What the heck, I thought.  Heck, because I was a good Mormon girl who hadn't uttered a single swear word at the time.  I bet my sister could cuss a blue streak though.  She was a rebel.  She didn't care what anyone thought of her.  And so I removed the mysterious friend's dress and slipped it over my head.  There was no zipper.  This should have been my first warning that something could go awry.  I struggled to fit the dress over my shoulders and full bust, but once I had shimmied and stretched that cotton weave to it's limits the dress fell easily over my waist and hips.  It was a bit snug I observed in the full length mirror in the upstairs bathroom.  My bust felt a distinct kinship to all those news reports on getting your yearly mammogram.  Pretty soon I got a tingling under my arms because the arm holes were so tight.  Oh dear. 
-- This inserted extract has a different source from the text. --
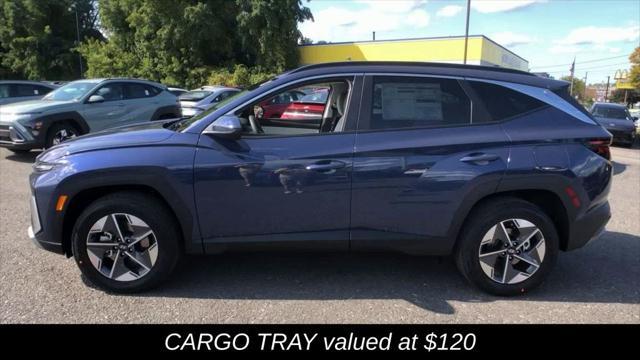 new 2025 Hyundai Tucson car, priced at $34,424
Starting to sweat I decided it was time to get the dress off, it had started to feel like a steel corset.  The Grande Dames...(my boobs) were having the life squished out of them.  I pulled the dress up to take it off.  I could only get it to the bottom of my bust.  I grunted and growled.  I pulled and I stretched but I could not get out of the dress.  Sweating in earnest now I ran to the microwave to check on the time.  There was no telling what time Darcie would come home.  For a good twenty minutes I fought with every fiber of my being to peel that tortuous dress off of me.  Crying I finally made a fatal decision. 
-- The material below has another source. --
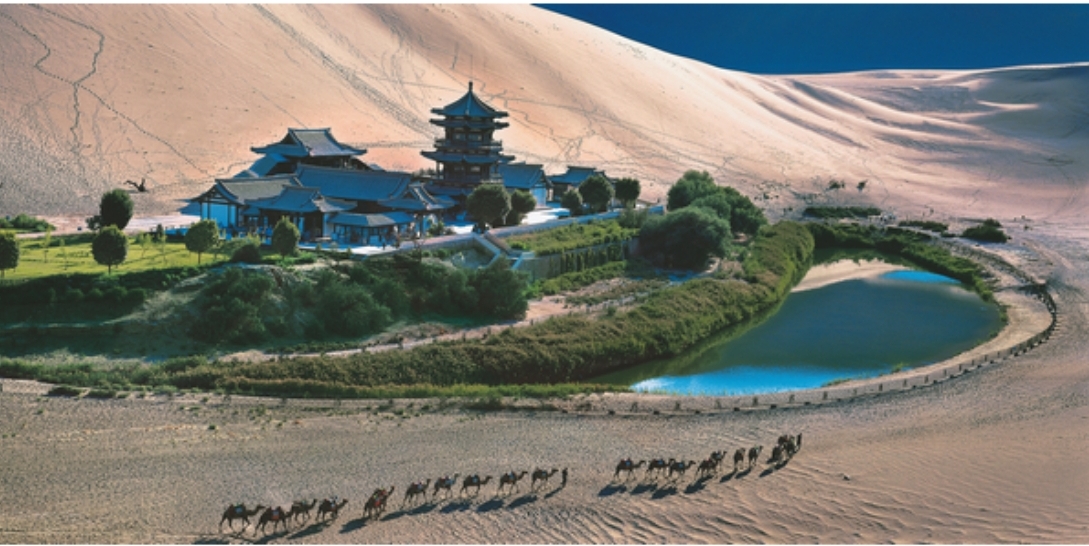 Jejak Jalur Sutra Hubungkan Peradaban Dunia, dari Xi’an hingga Mediterania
The cold metal of the scissors against my hot skin was a welcome relief.  Snip.  Snip.  Snip.  With every cut I saw my sister in my mind's eye screaming at me for what I had done.  She'd banish me from ever setting foot in her bedroom.  All hopes I had of a friendship with her would be lost.  With about a five inch cut in the upper seam under the right armpit I was finally able to pull the dress free.  And my boobs sang. 

I quickly changed back into my clothes and took the ruined dress to my bedroom and shut the door.  What was I going to do?  I could ask my mom to sew it but then I'd have to deal with those consequences and she'd probably make me tell my sister as part of my penance anyway.  No.  The only choice I had was to sew it myself.  The only problem was I didn't know how.  I took my mother's sewing kit from the hall closet.  The sewing machine was like some unknowable technology to me, as alien as disliking the taste of chocolate.  I threaded the needle with white thread.  Black would have looked better but I couldn't find any.  I heard the side door open and close.  I shakily tied a knot in the end of the long thread.  Then I set to work.  My stitches were big and clumsy.  I passed the needle through the rent fabric closing the gap as best I could. 

As I finished I nearly gasped at how incredibly obvious the wound on the dress was.  Oh well.  Time to face my fate.  I left the dress in my room and went in search of whom ever was home.  It was my brother.  I was saved.  He called me tub-o-lard as I passed and I called him dummy.  Our deep bond shimmered in the air like dust motes. 

I gathered the dress in my bedroom into a ball and tucked it under my shirt, just in case.  As I quickly placed it on the hanger I looked once more at the maroon Doc. Martins.  She was so lucky.  I crossed my fingers and left her room as it had been.   

I gave myself ulcers worrying about it for weeks.  Eventually the dress disappeared from the closet, gone back to the unfortunate owner a little more dilapidated than before.  My sister never said a word about it.  And I never tried on another dress without a zipper. 

2 comments:

Melissa said...

Denise! So many untold stories! How do I not know these.... or is it that that we've shared so much over the years I have forgotten some of your greatest stories!! I can't believe you got away with it! So awesome!! You were cool too!

Matt Payne said...

haha so funny! I can't believe she didn't say anything to you about it. That must mean she knew what happened and loved you so much she didn't yell at you. You need to write a book about your life.